It is the God-given right of any soldier in any armed force in history to complain about their food, especially when it comes to field rations — and they will, no matter how good it might be. Even the famed chili and macaroni MRE, with its Skittles and jalapeño cheese spread, is still a Meal, Ready-to-Eat and will plug you up like Elvis in his final days.
Still, there have been instances in military history where troops complaining about their food was absolutely warranted. In at least one instance, the food was so bad, it could draw sympathy from even their most fervent geopolitical enemies: In late 2022, Russian troops fighting in Ukraine took to the internet to complain about their North Korean allies getting canned dog meat as field rations. This is actually a step forward, as Russians in some parts of Ukraine have to hunt for dogs first.
And yet, that’s not even the biggest culinary war crime inflicted on Russians troops. In 2011, Russia’s interior ministry soldiers, troops responsible for Russia’s domestic security, didn’t even get dog meat in the far eastern posting of Vladivostok. Instead, they were fed dog food.
Long before Russian President Vladimir Putin’s botched “special military operation” in Ukraine, life in the Russian military was not all that great. Russia’s junior enlisted were subject to torture, slave labor and widespread harassment from their superior officers. They were also issued the same footwear worn by Russian soldiers under Tsar Peter I in the 18th century.
If you ask former Maj. Igor Matveyev, a veteran of Russia’s 1990s Chechen Wars, he might say the biggest problem facing Russian troops is widespread corruption. A repeated whistleblower, the erstwhile commander called out his fellow officers for operating a slave market in Khabarovsk in 2003. This time, the corruption affected his soldiers.
“It took me a month to determine through various reports exactly what was happening,” he told Reuters in 2011. “It’s embarrassing to say, but soldiers here were fed dog food.
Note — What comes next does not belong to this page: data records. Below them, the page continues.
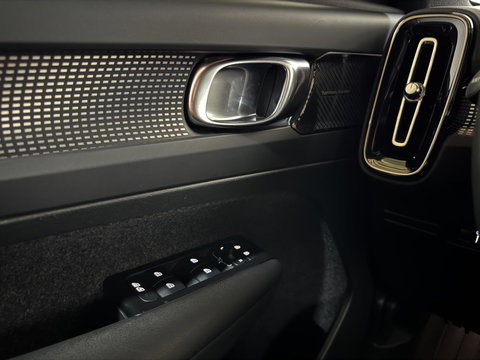 Volvo XC40 1.5 T5 Plug-in Hybride R-Design Pano H/K Autopilot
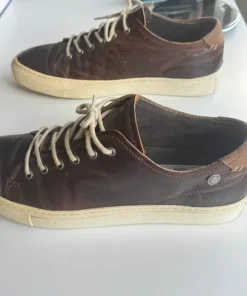 Sneakers i brunt skinn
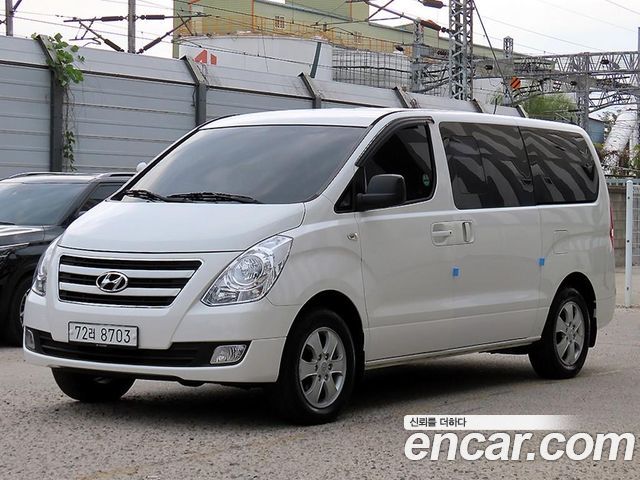 Hyundai Grand Starex 4WD 11-Seater Wagon Smart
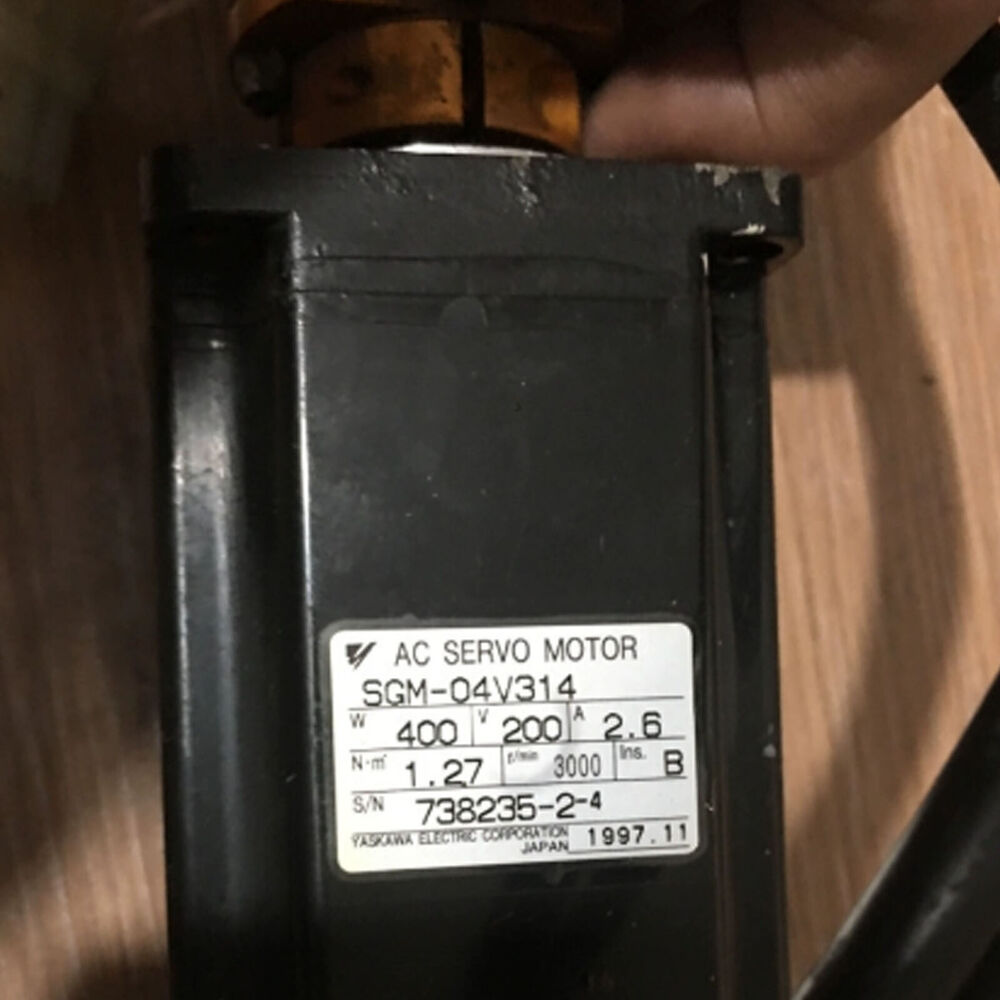 NEW Yaskawa Servo motor SGM-04V314 IN BOX UPS / Fedex / DHL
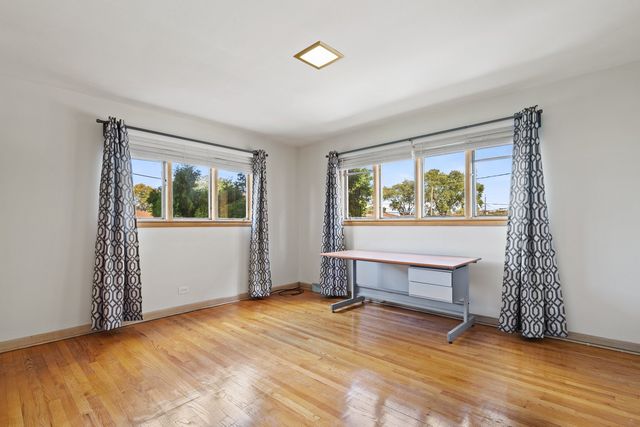 1630 E 92nd Place, Chicago, IL 60617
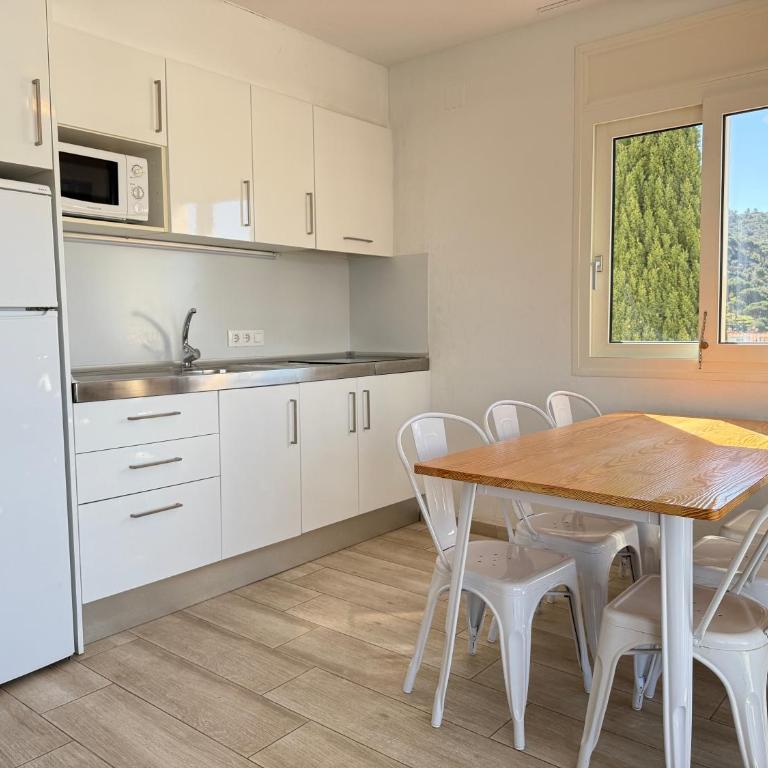 Agi Rescator Apartments - Apartamento de 2 dormitorios (6 adultos) - 8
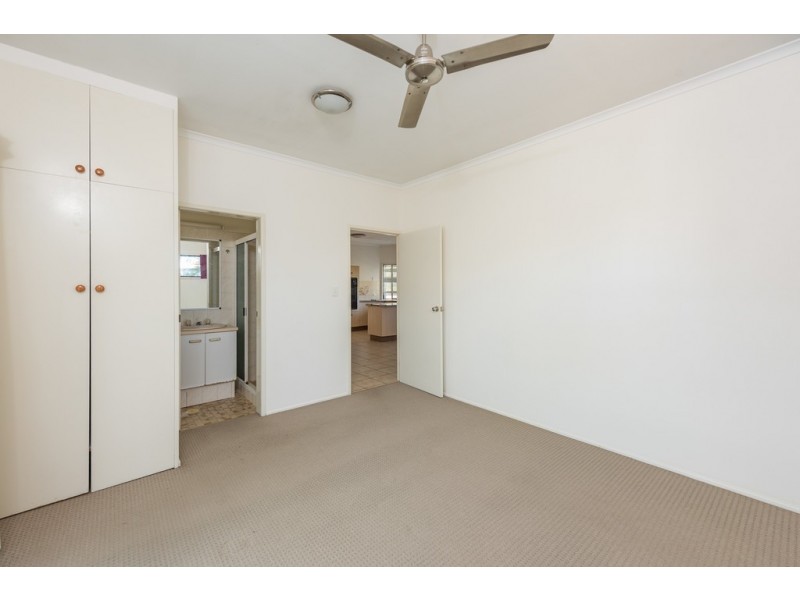 1 Acacia Street, Moore Park Beach QLD 4670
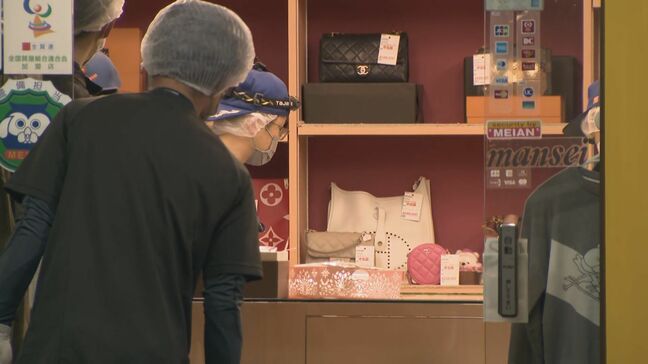 “無言”でショーケースを割り…ネックレスなどの貴金属を奪って逃走 愛知・刈谷市の質店に強盗 男2人が逃走|TBS NEWS DIG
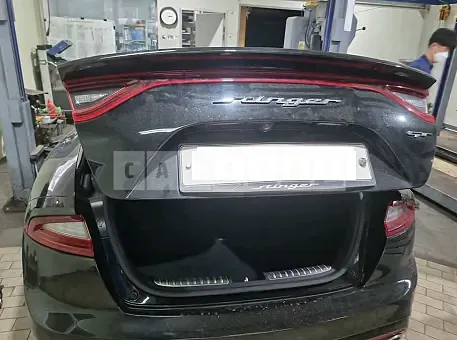 Photo 2 of 18: 2019 Kia Stinger, VIN KNAE751CBKS055827 — Korean insurance auction
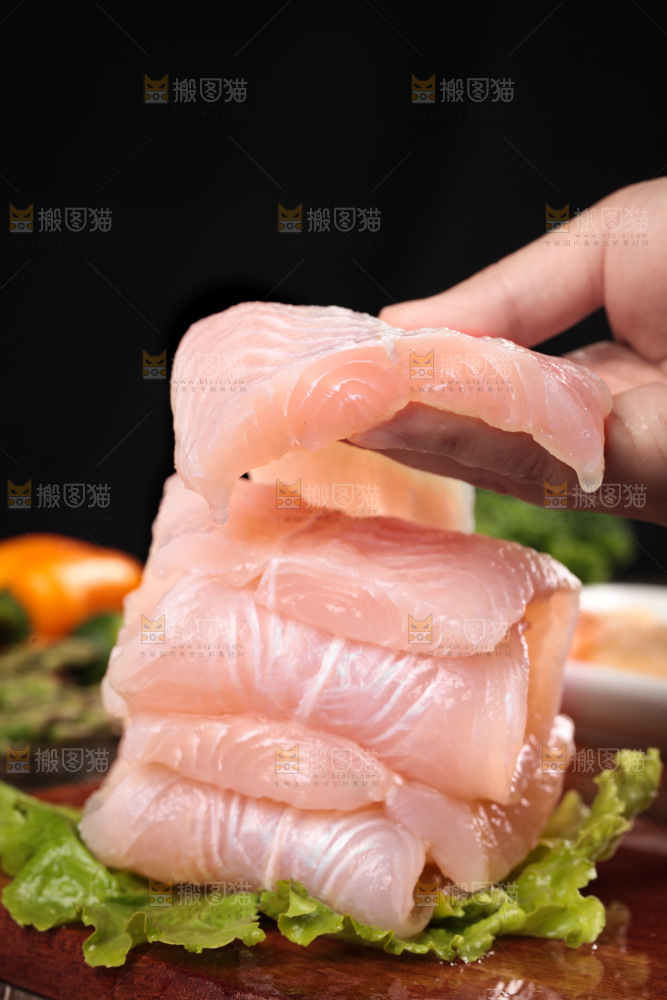 手拿新鲜巴沙鱼柳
It was fed to them as stew.”
Matveyev leaked a video from his posting in Vladivostok in May 2011, where he alleged the Russian interior ministry soldiers there were fed substandard food from cans labeled “premium quality beef.” Matveyev released a 10-minute video that shows him tearing the label off a can of beef, only to reveal a dog-food label.
The dog-food incident wasn’t a one-time occurrence. Matveyev said the trumped-up dog food was fed to his soldiers for several months as a cost-saving measure. In the video, a voice explains that 13,800 cans were registered in the unit’s storehouse, including 4,485 kilograms of meat. It reveals there were 1,374 expired cans, along with 3,111 cans of dog food and no edible canned meat.
For Matveyev’s efforts to get his troops some food fit for human consumption, the Russian government launched an investigation that accused the unit’s food supply officer of stealing canned goods, claimed the dog-food cans were intended for the dogs on the installation, and announced that the troops were never fed the dog food.
Matveyev appealed to then-Prime Minister Putin and then-President Dmitri Medvedev to do something about the situation. Instead, he was relieved of his command and then accused of assaulting his soldiers. The Committee of Soldiers’ Mothers of Russia, a non-governmental organization formed to fight for human rights in Russia’s military, hired a lawyer to defend him.
Russia’s mothers posed a question to the Russian government: “If the dog food was really purchased for the base’s dogs, why were there 3,000 cans of it?”
Matveyev spent the next five years in prison, finally getting out in 2016. Food in the Russian armed forces is a source of continual controversy for Russia’s Defense and Interior Ministries. Soldiers in the Sakhalin region were fed maggot-infested food in 2013, its forces were given only onions, potatoes and pickles to invade Ukraine while Russian soldiers currently in Syria are alleged to have no food at all.